**SOURCE MATERIAL**
◇ ◇ ◇ ◇

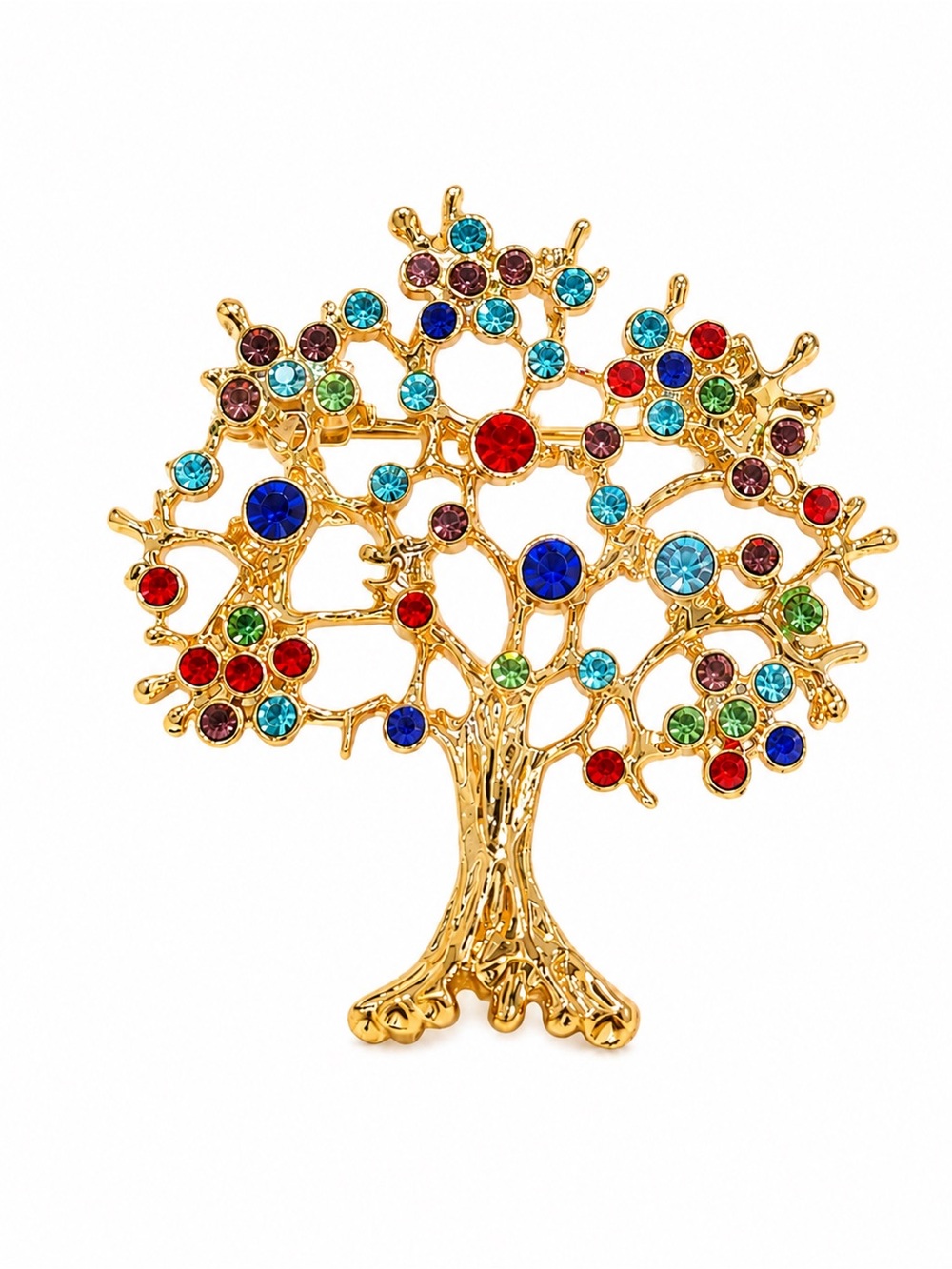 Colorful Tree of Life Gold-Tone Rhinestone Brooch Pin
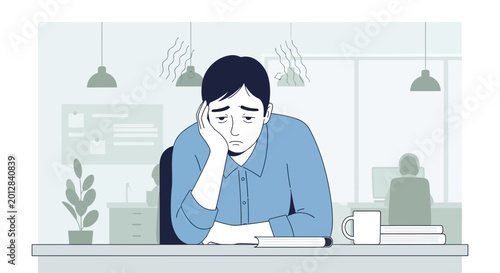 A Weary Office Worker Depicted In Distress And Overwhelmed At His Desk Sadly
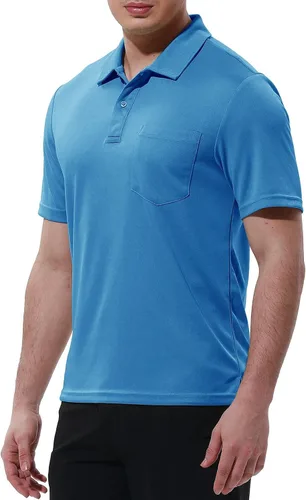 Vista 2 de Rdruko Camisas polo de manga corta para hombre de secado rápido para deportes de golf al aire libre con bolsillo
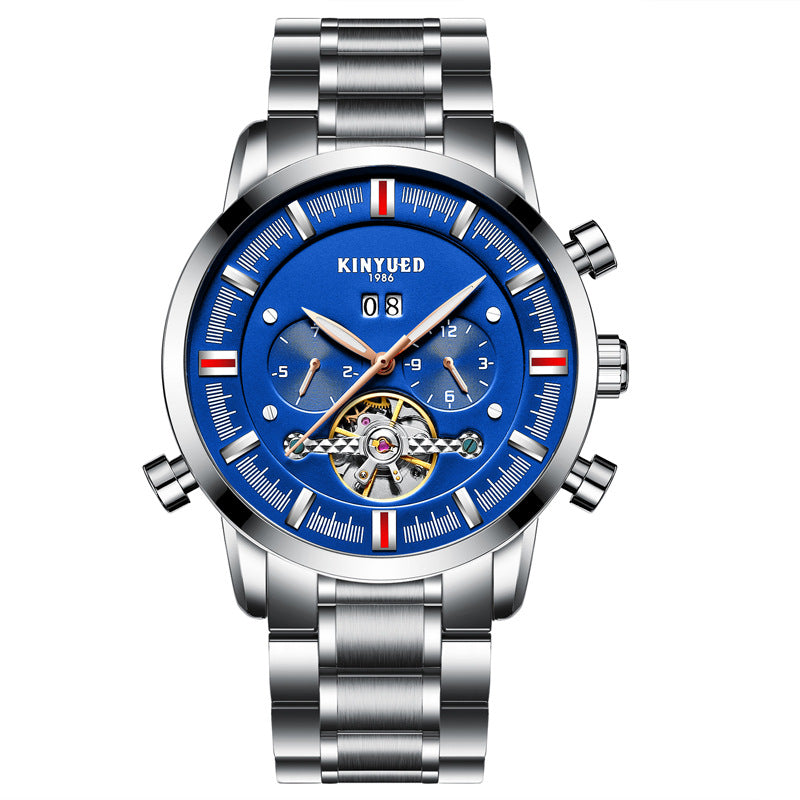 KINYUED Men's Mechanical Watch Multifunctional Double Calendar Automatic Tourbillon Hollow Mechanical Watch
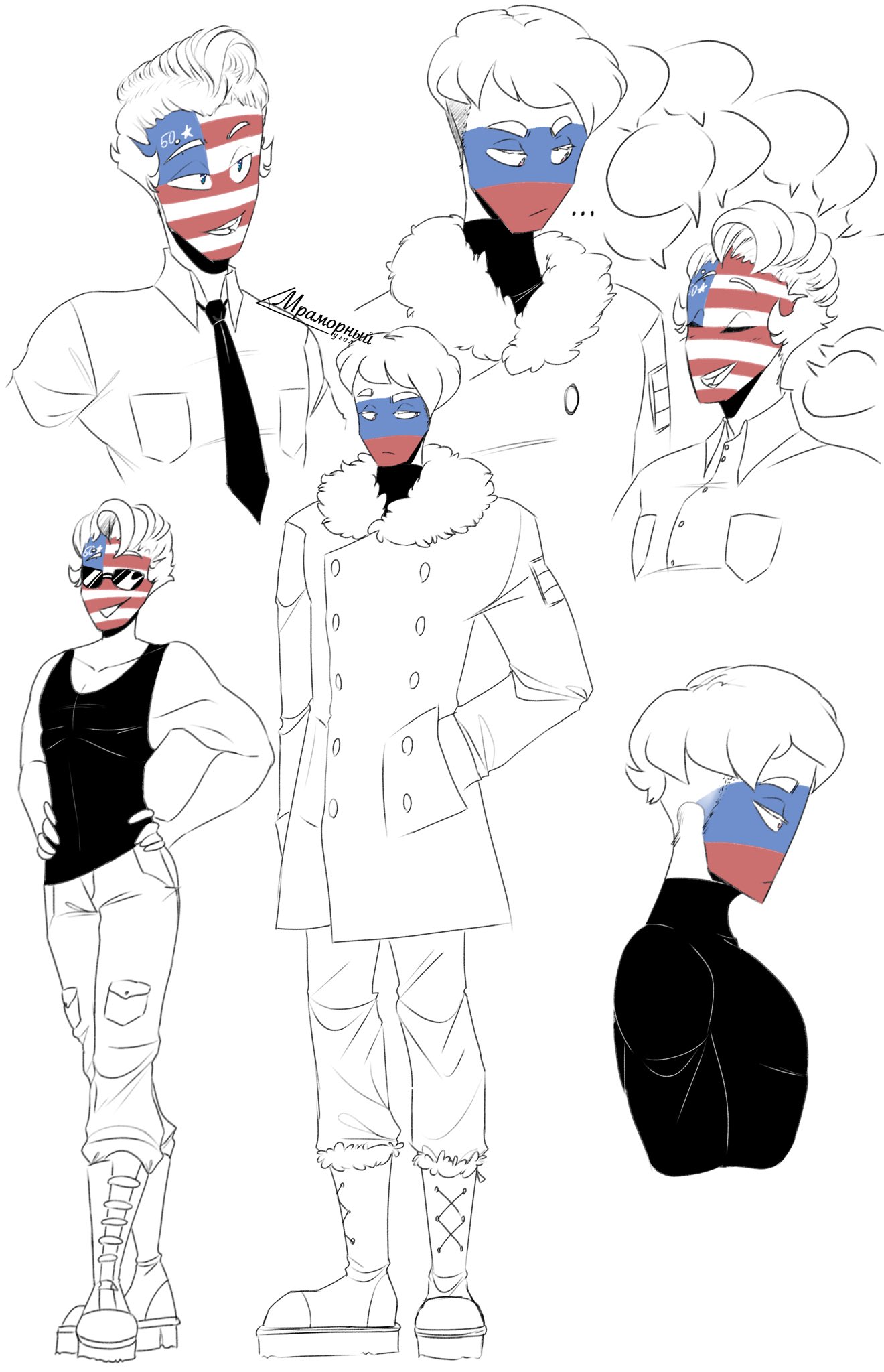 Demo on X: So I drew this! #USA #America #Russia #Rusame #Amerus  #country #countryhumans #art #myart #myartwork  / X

◇ ◇ ◇ ◇

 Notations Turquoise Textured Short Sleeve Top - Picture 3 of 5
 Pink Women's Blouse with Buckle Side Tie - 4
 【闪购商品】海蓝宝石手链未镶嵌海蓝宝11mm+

◇ ◇ ◇ ◇

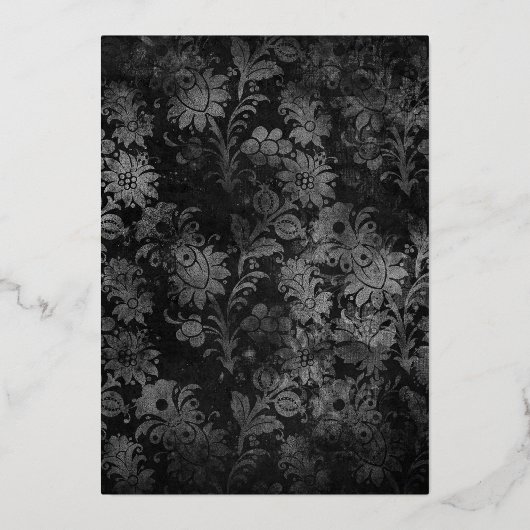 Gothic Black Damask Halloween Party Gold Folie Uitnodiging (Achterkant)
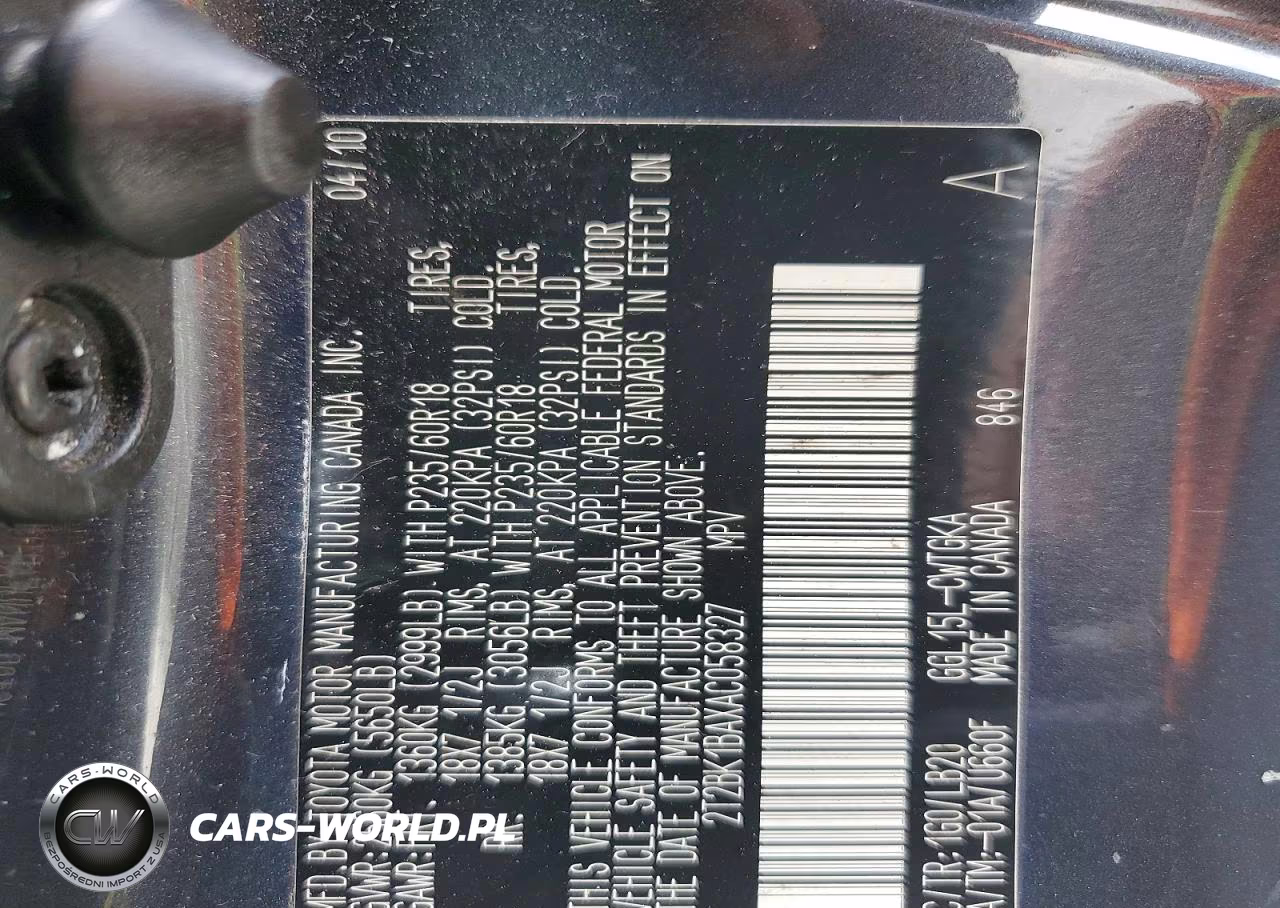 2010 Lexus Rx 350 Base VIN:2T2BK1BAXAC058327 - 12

◇ ◇ ◇ ◇

**WHAT TO DO**
Repeat exactly the lines above, beginning at the one containing "A Weary Office" and ending at the one containing "Vista 2 de Rdruko". Do not carry over any pictures.

**OUTPUT FOR THIS EXERCISE**
 A Weary Office Worker Depicted In Distress And Overwhelmed At His Desk Sadly
 Vista 2 de Rdruko Camisas polo de manga corta para hombre de secado rápido para deportes de golf al aire libre con bolsillo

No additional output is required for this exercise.